**ACTION ITEM**
Your output should be the lines below from the one with "2004-2008 ACURA TL" through the one with "青梅市河辺町７丁目の中古一戸建のその他", copied exactly, pictures excluded.

**EXCERPTED DATA**
__________

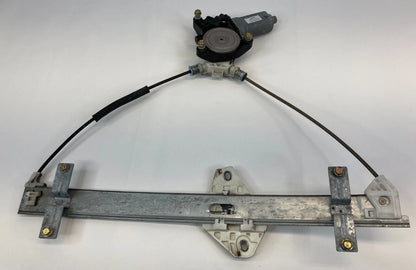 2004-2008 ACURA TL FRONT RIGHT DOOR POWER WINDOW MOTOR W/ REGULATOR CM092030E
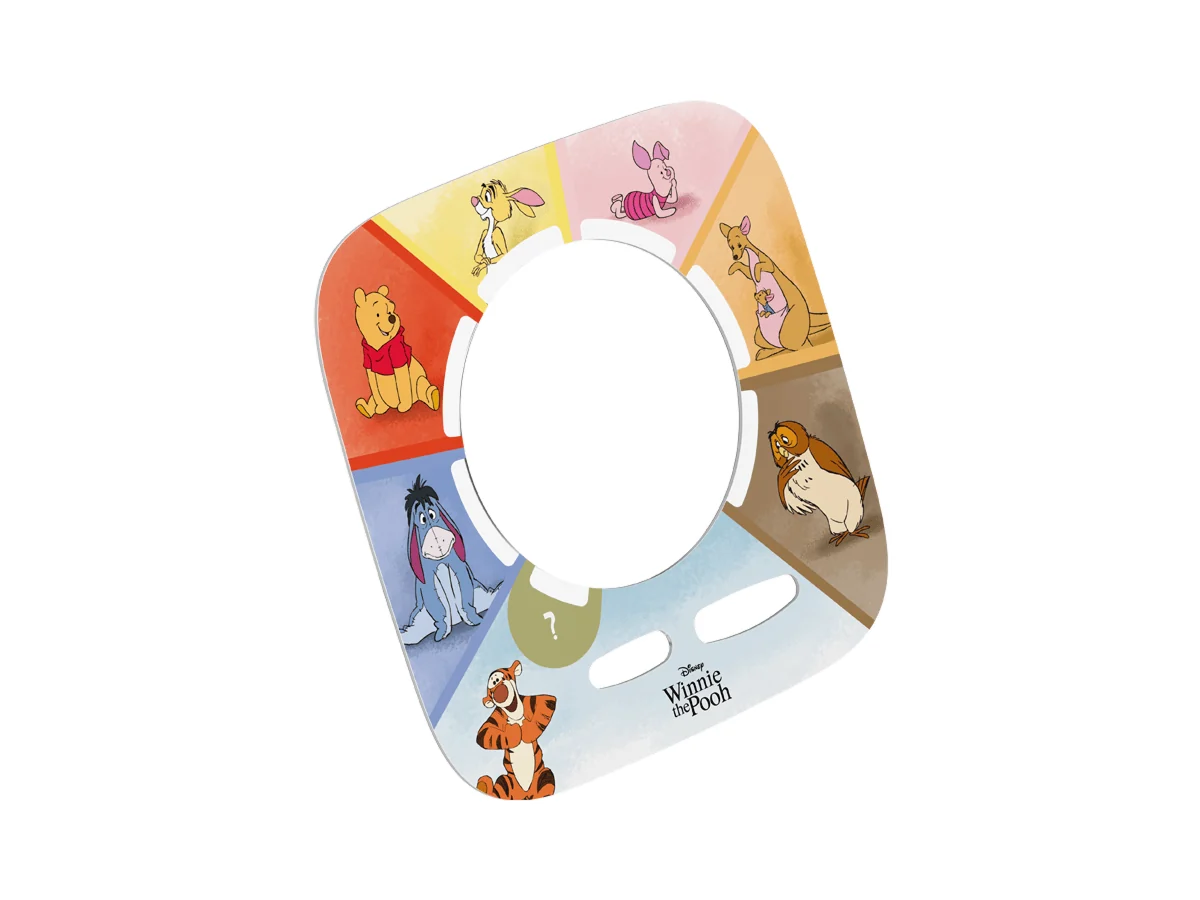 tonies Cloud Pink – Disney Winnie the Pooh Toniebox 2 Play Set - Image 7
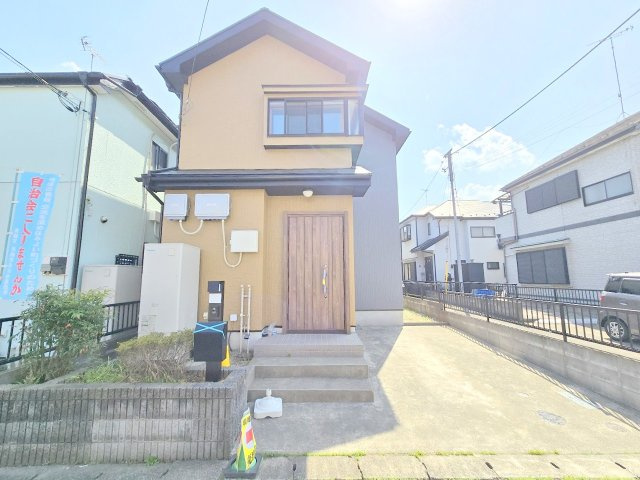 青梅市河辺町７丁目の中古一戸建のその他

__________

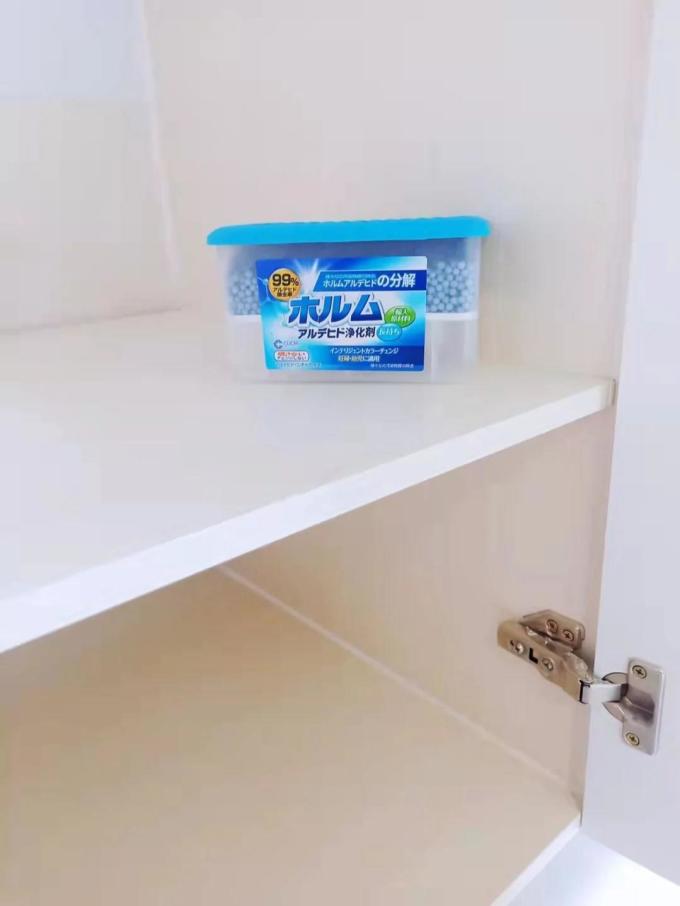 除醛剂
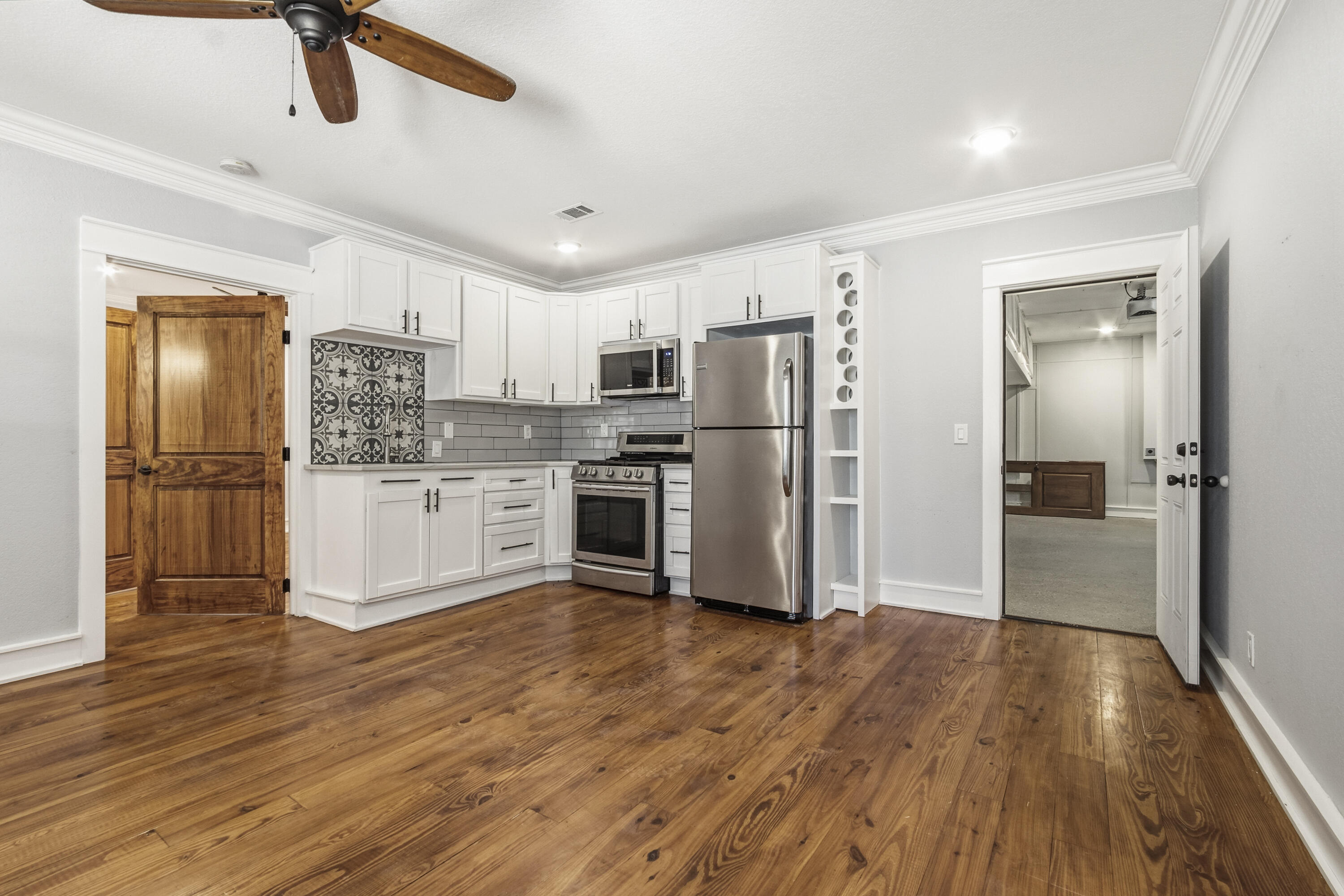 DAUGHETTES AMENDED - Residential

__________

**RESULT BELOW**
 2004-2008 ACURA TL FRONT RIGHT DOOR POWER WINDOW MOTOR W/ REGULATOR CM092030E
 tonies Cloud Pink – Disney Winnie the Pooh Toniebox 2 Play Set - Image 7
 青梅市河辺町７丁目の中古一戸建のその他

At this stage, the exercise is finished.